I have to admit this version is different from most chicken and corn chowder recipes. It's super rich, but it has very little cream. And there's no bacon. Instead, the flavors come from onion, thyme, cilantro, and some butternut squash. It might seem like a strange combination, but trust me. It works.

What is Chowder?

Chowder is a term for a thick soup, usually made with a base of flour and butter (called a roux) and often thickened with cream or milk. Chowders frequently contain potatoes among their other ingredients. As the potatoes cook, their starch also helps thicken the soup.

A closeup shot of a white bowl of chicken and corn chowder. Another bowl of soup and 2 spoons on a green napkin in the background.

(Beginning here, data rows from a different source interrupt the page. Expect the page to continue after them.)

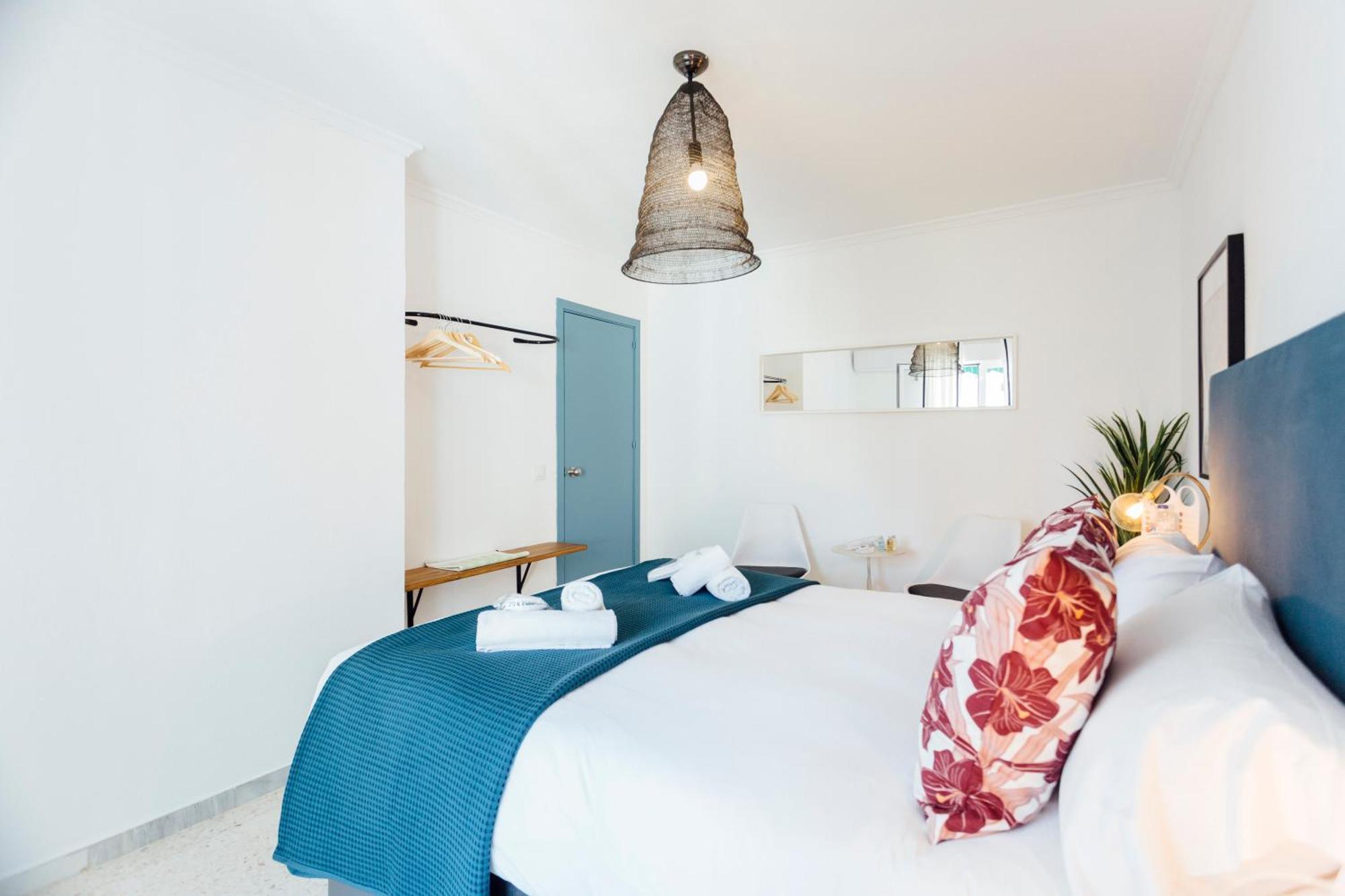 Stunning And Colorful- 4Bd 2Bth- Santa Cruz Apartment Seville Luaran gambar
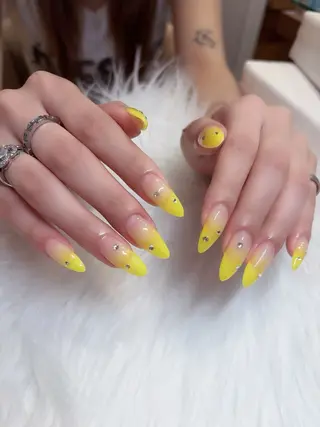 ネイル ✩.*˚ kanaのネイルデザイン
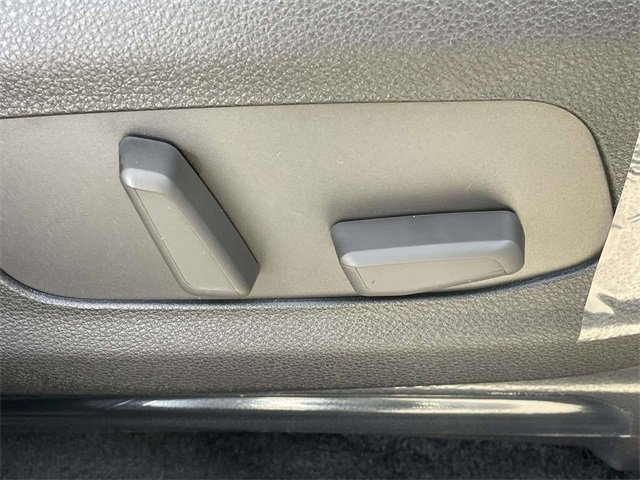 New 2026 Kia Carnival EX image 15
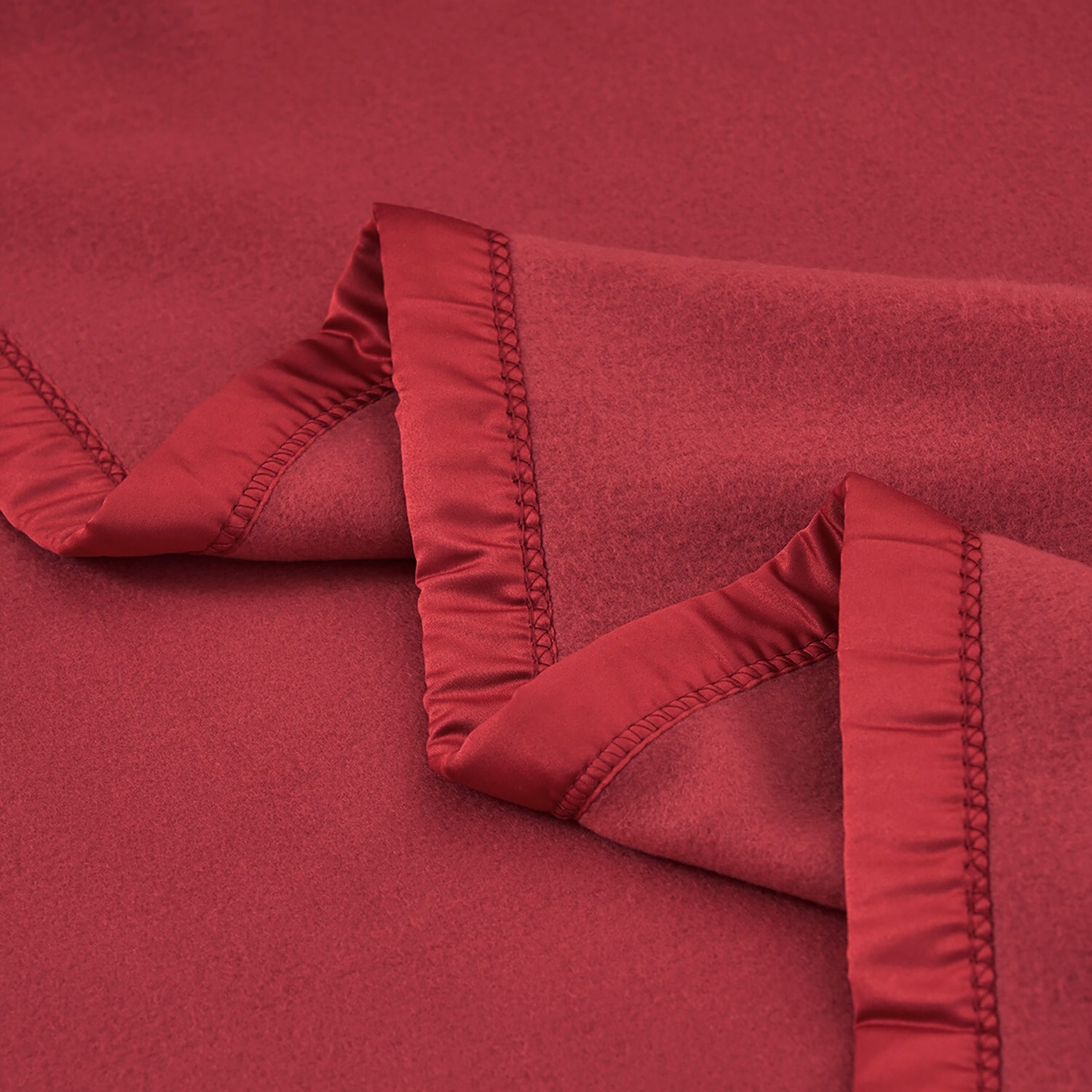 Cozy Summer Satin Fleece Blanket for Warmth & Comfort  -image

Sometimes chowders are pureed, so the broth is smooth with fewer chunks of vegetables. Other times they're more brothy with chunks of potatoes, vegetables, fish, or meat.

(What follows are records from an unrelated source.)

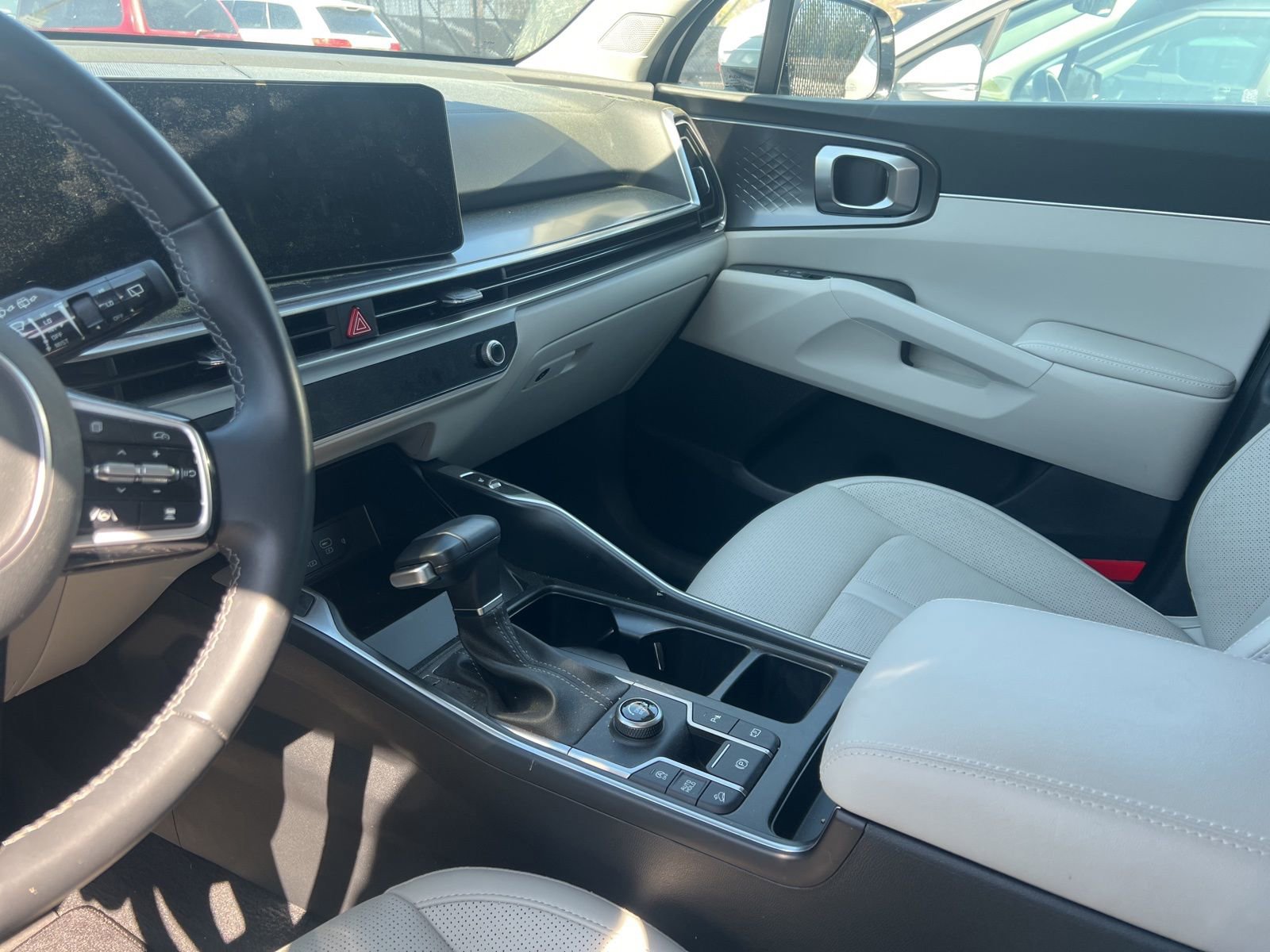 Used 2025 Kia Sorento S w/ Panoramic Sunroof Package image 6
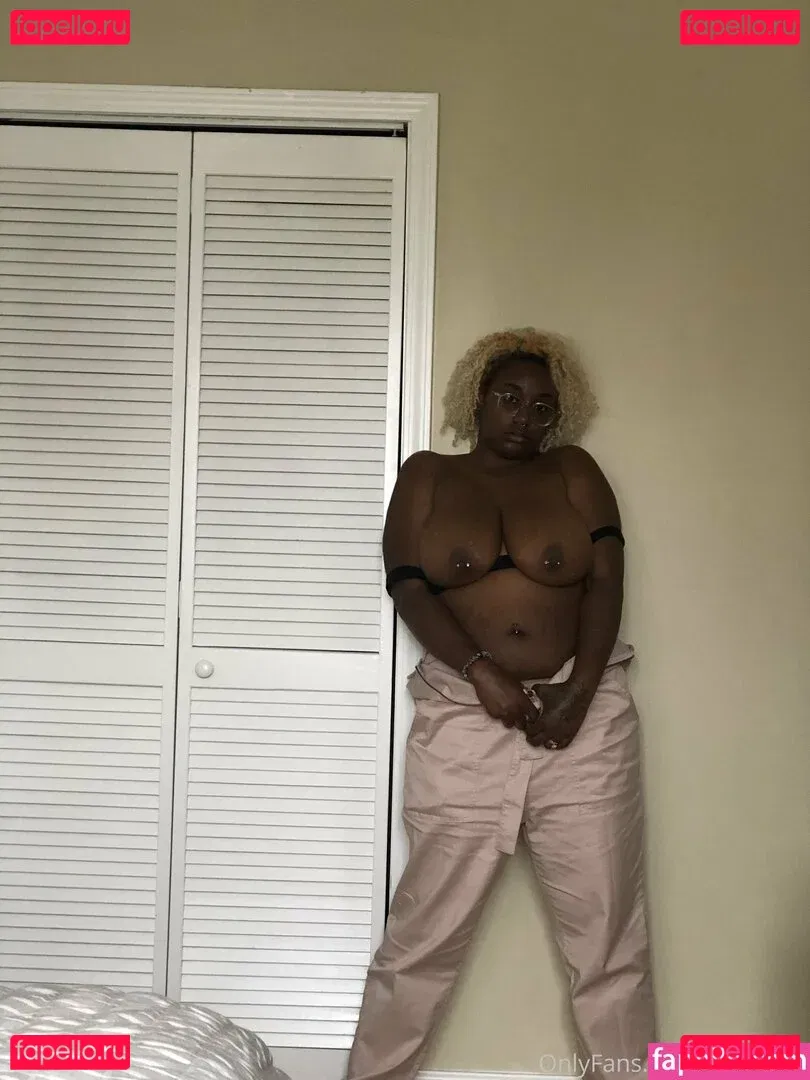 thothead Onlyfans Photo Gallery 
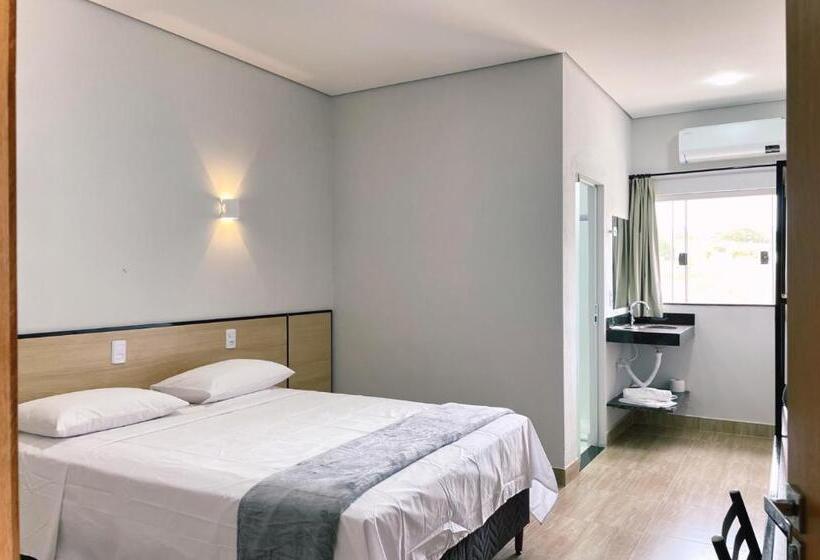 הוסטל Brisa Do Lago Pousada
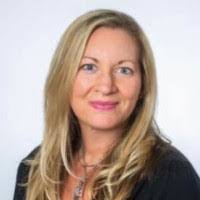 Stephanie Ritchey's Instagram, Twitter & Facebook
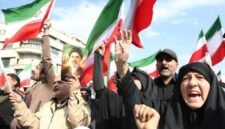 WARGA Iran sumpah setia dengan pemimpinn barunya, Mojtaba Khamenei, di Lapangan Enghelab di Teheran, Iran. [Xin]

You can turn nearly any vegetable, fish, or meat into chowder. In my opinion, the most famous chowder is New England Clam Chowder. It's thick and rich from cream and milk and packed with potatoes and clams.

Ingredients for Creamy Chicken and Corn Chowder

One of the things I love about the soup is that it's full of vegetables, making it a healthier version of most creamy chowder-like soups. Here are some of the main ingredients worth mentioning.

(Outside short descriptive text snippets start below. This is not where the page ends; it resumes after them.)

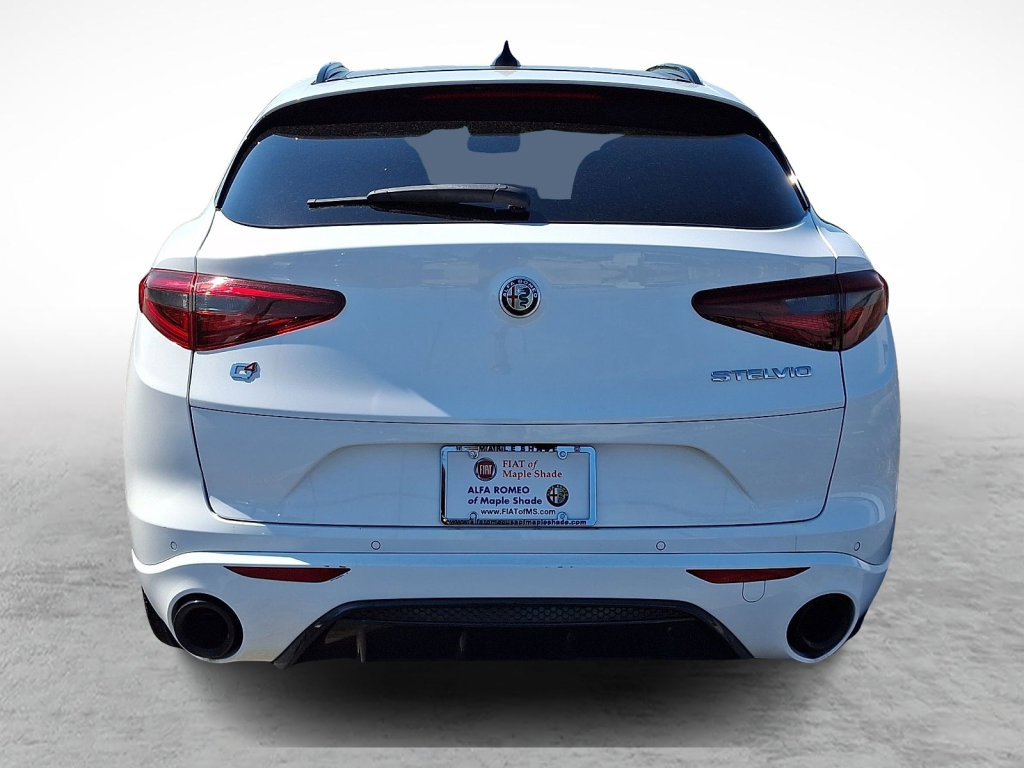 Used 2023 Alfa Romeo Stelvio Veloce AWD/4WD image 4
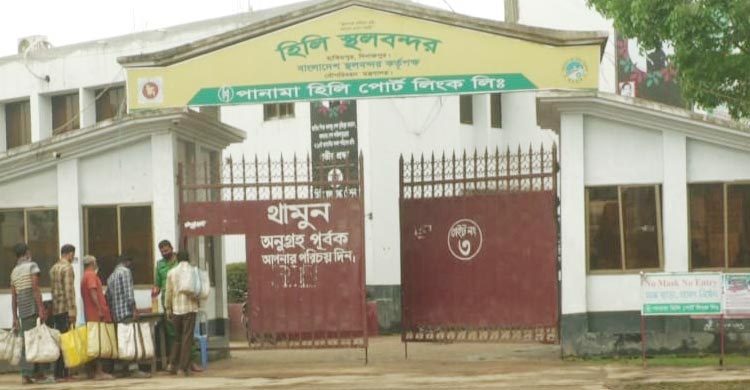হিলিতে খালাসের অপেক্ষায় দুই হাজার মেট্রিক টন চাল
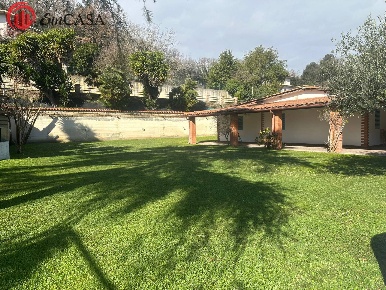 Foto Villa unifamiliare in via siliqua, Fiumicino di 150 m² con 5 locali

Ingredients for chicken and corn chowder soup
  • Butternut squash. No, it's not traditional in a chicken and corn chowder. But I love the color it provides, and it's a really nice (and healthy) thickener when pureed. It also boosts the nutrition content of this soup like crazy. Butternut squash is packed with beta-carotene, an important antioxidant. It also has a much lower glycemic index than potatoes. So adding both squash and potatoes to this soup makes it a bit more blood sugar-friendly.
  • Potatoes. They are traditional in chowder, but this soup doesn't need as much potato because of the butternut squash.
  • Corn. Obviously essential for this soup You can use fresh corn cut from the cob if you have it. But I always use frozen corn. Choose the small kernel sweet corn if it's available.
  • Flour and olive oil. When cooked together, these form a roux, which helps thicken the broth. You can also use butter, but olive oil is healthier, and this soup is flavorful enough, and I don't think it needs butter.
  • Chicken. I prefer white meat, but you can use dark meat if you prefer. Or mix them.
  • Cream. Every time I make this, I debate about adding the cream. Honestly, it's delicious without it. But there's not much cream, and it really makes the soup velvety luscious, and rich. You decide!
  • Herbs and seasonings. Dried thyme provides a delicious, rich flavor. I often add a few extra pinches at the end because it adds so much. But the stars are the fresh cilantro, fresh chopped scallions, and fresh sweet red pepper. These go into the pot at the very end and need only a minute or two to soften.
A white soup tureen and ladle with chicken and corn chowder soup in the pot.

Tips and Shortcuts

This soup is super simple to make. And it's relatively quick. Here are a few tips and shortcuts I use.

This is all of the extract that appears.